Neste dia, há precisamente 20 anos, o FC Porto escreveu mais uma bela página da sua história europeia. Em Gelsenkirchen, berço do Schalke 04, cidade que uma maioria de portistas ainda hoje pronuncia sem atropelar a língua alemã, o FC Porto comandado por José Mourinho venceu o Mónaco por 3-0, golos de Carlos Alberto (39), Deco (71) e Alenitchev (75), e sagrou-se campeão europeu pela segunda vez. Uma final improvável entre duas equipas que não eram apontadas como favoritas. Um duelo entre dois jovens técnicos que se mostravam aos grandes europeus, José Mourinho e Didier Deschamps. Finalmente, uma batalha entre plebeus e príncipes, porque, caro leitor, aquele Mónaco de 2004 tinha um timaço pago a peso de ouro (ver ficha).

Num onze com nove portugueses e dois brasileiros, os dragões cilindraram um adversário que tinha eliminado o Real Madrid, nos quartos de final, e o Chelsea, na meia-final. O FC Porto, por seu turno, tirou o tapete ao Man. United nos oitavos de final com um golo salvador de Costinha no último minuto (1-1, com a inesquecível corrida de Mourinho em OId Trafford, depois de vitória por 2-1 no Dragão) e eliminou o Lyon e o Deportivo da Corunha até chegar à final.

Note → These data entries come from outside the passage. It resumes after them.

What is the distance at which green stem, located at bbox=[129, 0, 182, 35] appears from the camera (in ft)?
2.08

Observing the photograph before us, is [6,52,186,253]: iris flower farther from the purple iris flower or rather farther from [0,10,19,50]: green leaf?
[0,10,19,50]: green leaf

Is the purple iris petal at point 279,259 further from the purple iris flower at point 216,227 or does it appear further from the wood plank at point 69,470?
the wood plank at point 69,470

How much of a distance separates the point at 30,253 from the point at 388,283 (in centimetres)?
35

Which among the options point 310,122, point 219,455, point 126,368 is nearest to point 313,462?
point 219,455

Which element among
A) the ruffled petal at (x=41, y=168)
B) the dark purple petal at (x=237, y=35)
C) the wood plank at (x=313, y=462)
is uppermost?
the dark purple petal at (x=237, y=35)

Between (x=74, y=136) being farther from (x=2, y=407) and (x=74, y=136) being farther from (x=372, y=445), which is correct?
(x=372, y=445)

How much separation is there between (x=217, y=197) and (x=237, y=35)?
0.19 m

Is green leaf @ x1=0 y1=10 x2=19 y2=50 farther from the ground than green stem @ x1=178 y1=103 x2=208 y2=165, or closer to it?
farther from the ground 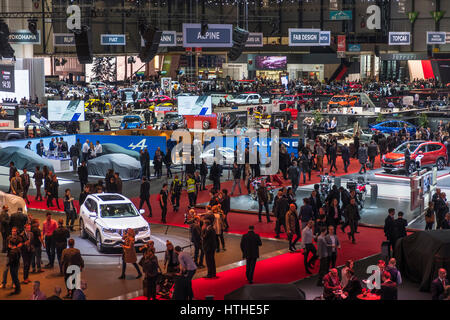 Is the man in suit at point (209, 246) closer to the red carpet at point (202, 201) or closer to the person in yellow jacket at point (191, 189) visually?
the red carpet at point (202, 201)

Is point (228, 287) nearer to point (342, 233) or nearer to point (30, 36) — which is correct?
point (342, 233)

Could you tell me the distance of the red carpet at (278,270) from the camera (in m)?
15.1

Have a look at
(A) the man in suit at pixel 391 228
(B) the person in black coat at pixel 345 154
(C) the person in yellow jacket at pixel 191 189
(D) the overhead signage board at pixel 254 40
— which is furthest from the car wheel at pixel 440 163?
(D) the overhead signage board at pixel 254 40

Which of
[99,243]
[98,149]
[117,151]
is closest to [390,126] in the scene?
[117,151]

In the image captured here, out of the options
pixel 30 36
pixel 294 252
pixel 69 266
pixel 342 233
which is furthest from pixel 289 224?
pixel 30 36

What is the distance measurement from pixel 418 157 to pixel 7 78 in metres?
29.7

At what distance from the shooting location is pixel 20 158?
27.5 meters

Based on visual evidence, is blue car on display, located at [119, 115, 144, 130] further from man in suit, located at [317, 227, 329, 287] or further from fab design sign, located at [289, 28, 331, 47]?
man in suit, located at [317, 227, 329, 287]

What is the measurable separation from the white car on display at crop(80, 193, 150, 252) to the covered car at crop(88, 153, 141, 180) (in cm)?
889

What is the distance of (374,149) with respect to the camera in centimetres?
3009

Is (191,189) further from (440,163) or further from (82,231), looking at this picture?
(440,163)

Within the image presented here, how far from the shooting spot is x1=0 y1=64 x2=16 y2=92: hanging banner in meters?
47.7

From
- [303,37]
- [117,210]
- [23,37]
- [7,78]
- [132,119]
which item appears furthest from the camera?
[7,78]

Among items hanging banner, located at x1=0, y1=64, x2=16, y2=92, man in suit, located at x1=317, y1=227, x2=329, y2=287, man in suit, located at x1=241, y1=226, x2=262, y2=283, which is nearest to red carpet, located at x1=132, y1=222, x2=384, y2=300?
man in suit, located at x1=241, y1=226, x2=262, y2=283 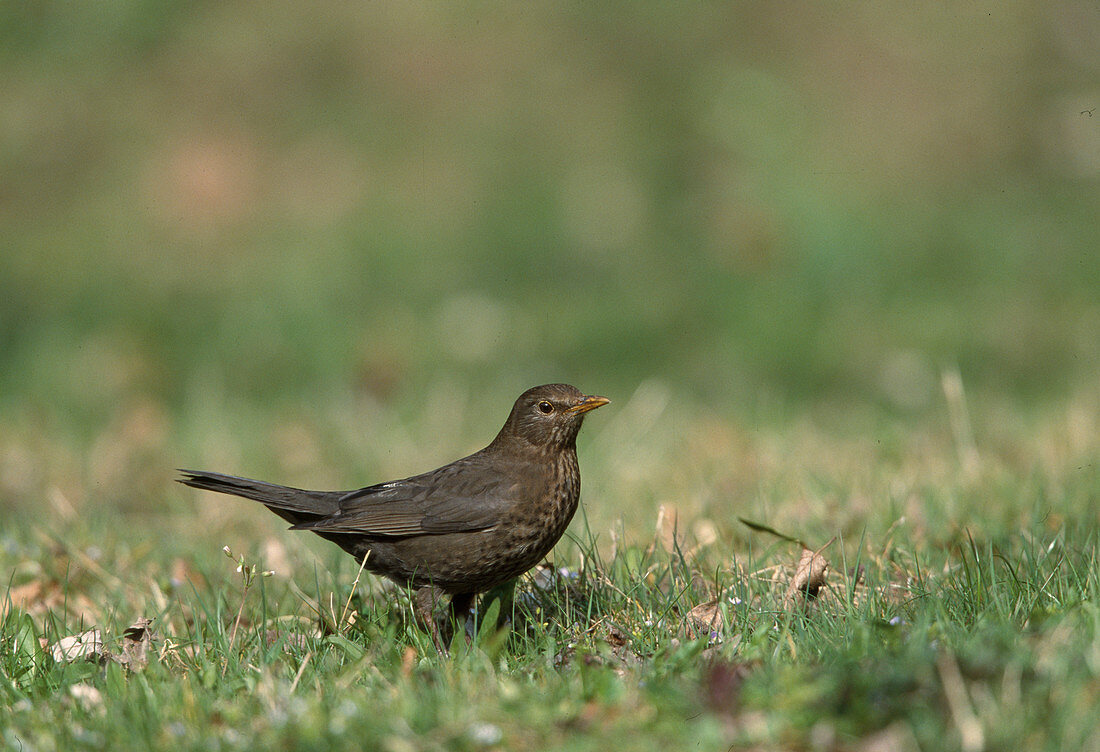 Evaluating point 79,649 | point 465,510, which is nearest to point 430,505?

Na fase de grupos, os portistas ficaram em segundo lugar, com 11 pontos, logo atrás do Real Madrid (14 pontos), mas bem à frente de Marselha e Partizan.

Mesmo tendo vencido no ano anterior a então Taça UEFA — atual Liga Europa —, não recaía sobre o FC Porto favoritismo de nenhuma ordem. A equipa tinha talento e uma solidez notável, mas muitos dos jogadores que faziam parte do onze foram descobertas surpreendentes. Carlos Alberto era um adolescente, Paulo Ferreira (mais utilizado nessa época, com 52 jogos) e Marco Ferreira foram contratados ao V. Setúbal, Pedro Emanuel e Bosingwa ao Boavista, Derlei e Nuno Valente ao UD Leiria. Maniche fora proscrito no Benfica, mas a colar todas estas peças havia a liderança de Baía e Jorge Costa, o talento de Ricardo Carvalho, a magia inigualável de Deco, o sentido de golo de McCarthy, um suplente de luxo como Alenichev, e por aí fora.

Era uma equipa excecional, sustentada por um plantel extenso e diversificado sob a liderança de um treinador muito especial — e que se tornaria o Special One no ano seguinte, quando assumiu o comando do Chelsea. Dessa equipa técnica dos azuis e brancos faziam parte André Villas-Boas, atual presidente do FC Porto, António Dias, Ricardo Formosinho, Silvino Louro, Aloísio, António André, Baltemar Brito e Rui Faria. Deco foi eleito o melhor jogador da Liga dos Campeões (e homem da final) e Ricardo Carvalho o melhor defesa.

FOTO: PAULO ESTEVES

Uma música muita em voga na época — Os Filhos do Dragão —  foi a banda sonora de um estrondoso título europeu numa campanha  em que o FC Porto foi campeão nacional com 82 pontos, mais oito que o Benfica, com apenas duas derrotas fora (Rio Ave, 1-0 e Gil Vicente, 2-0) e o pleno de triunfos em casa, 17. Ganhou ainda a Supertaça — 1-0, ao UD Leiria

Uma última nota, de certo modo irónica: a primeira abordagem europeia dos dragões não correu bem. Na final da Supertaça europeia, disputada a 29 de agosto de 2003, no Estádio Louis II, no Mónaco, os dragões foram derrotados pelo Milan de Carlo Ancelotti, com golo de Shevchenko, aos 10 minutos. Começou o FC Porto em lágrimas, acabou também, em lágrimas, mas de alegria.